Musica

Fastlife 5: Guè che guarda indietro sembra l’unico ad andare avanti

12 gennaio 2026di Redazione

Le sonorità retro dell’ultimo progetto di Guè sono una ventata d’aria fresca nel panorama rap

Guè fa quello che vuole, e fa benissimo. Il suo ultimo progetto uscito venerdì a mezzanotte, Fastlife 5 – Audio Luxury, interamente prodotto dai Cookin Soul, sembra uscito dai primi Duemila -eppure è il disco più innovativo del momento.

Niente trappate pop, niente contaminazioni drill o degenerazioni mumble, Fastlife è rap puro e pulito. Un tripudio del bilanciamento: una tracklist della lunghezza giusta, 15 brani per circa un’oretta di ascolto, con 11 ospiti d’eccezione -ma non sempre featuring veri e propri. Ad esempio, il brano di apertura vanta la voce di Lil Mozzarella che tuttavia, in quanto comico e non rapper, non ha una strofa a disposizione ma un elenco di formaggi.

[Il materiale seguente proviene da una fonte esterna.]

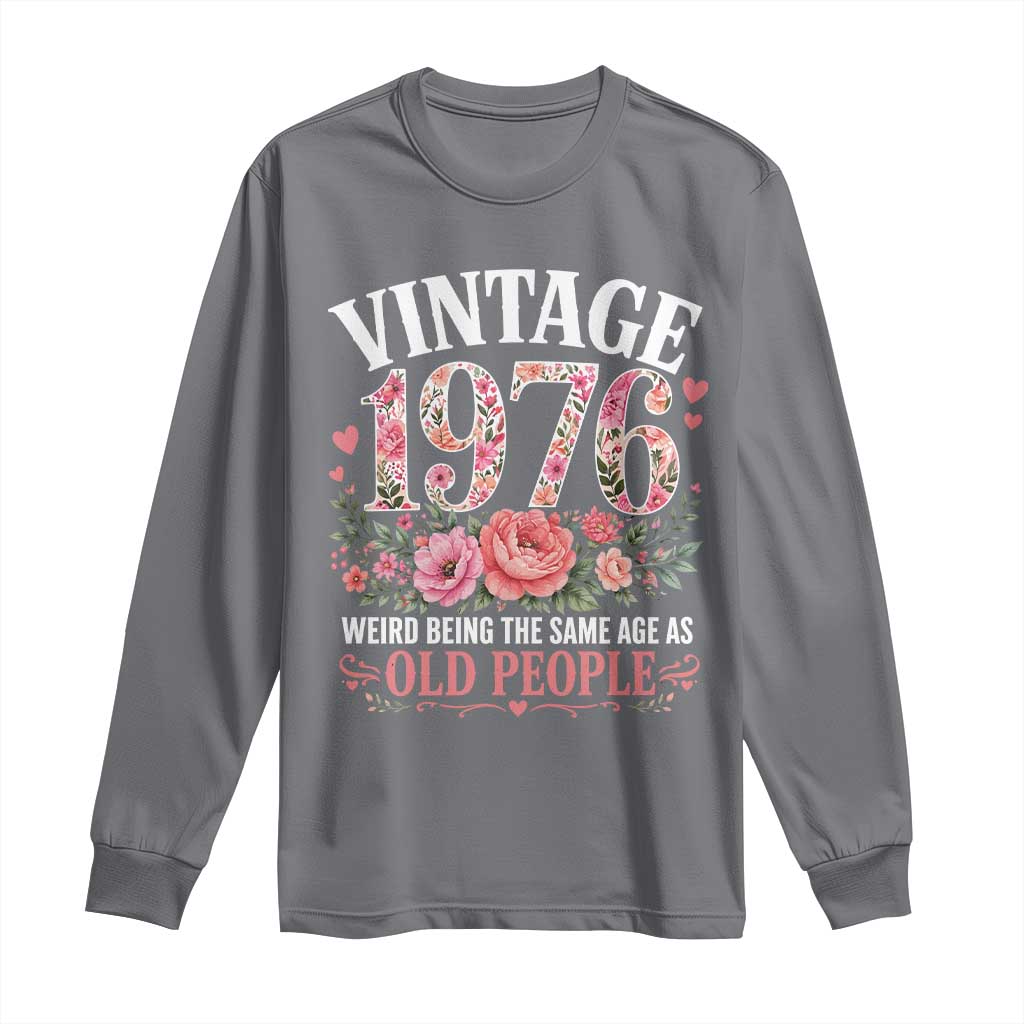 50th Birthday Gifts For Her Long Sleeve Shirt Floral 1976 Weird Being The Same Age As Old People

Tra le collaborazioni italiane, invece, ci sono quelle che guardano al passato, in particolare “Spendin” che sancisce l’alleanza con Marracash, e al presente, “Last train 2 Shibuya” insieme a Sayf; ma anche quelle orientate al futuro della scena: Promessa, Joshua ed Enny P. Tra quelle internazionali (B-Real, Larry June, Alemán) spicca il nome di Freddie Gibbs, ospite d’onore in “Think about it”. Ma la collaborazione più emblematica del disco è sicuramente quella con Celine G, la figlia di Guè, che oltre a prestarsi per il ritornello del tormentone dell’album, “Loquito”, si mette in posa insieme al papà nella foto di copertina.

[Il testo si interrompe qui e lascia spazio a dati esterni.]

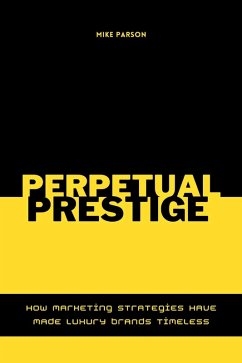 Perpetual Prestige How Marketing Strategies Have Made Luxury Brands Timeless (eBook, ePUB) - Parson, Mike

In effetti, Fast Life 5 – Audio Luxury è un’esperienza d’ascolto gratificante nel suo complesso, non solo per qualche provocazione scandalosa o per qualche rima riuscita. Paradossalmente, il contributo di Guè è quasi in secondo piano rispetto alle sonorità generali del disco, tanto che si potrebbe apprezzare anche senza conoscere l’italiano. Conoscerlo, però, e poter ascoltare i testi, è ciò che fa la differenza tra un “bel disco” e uno dei migliori del panorama attuale.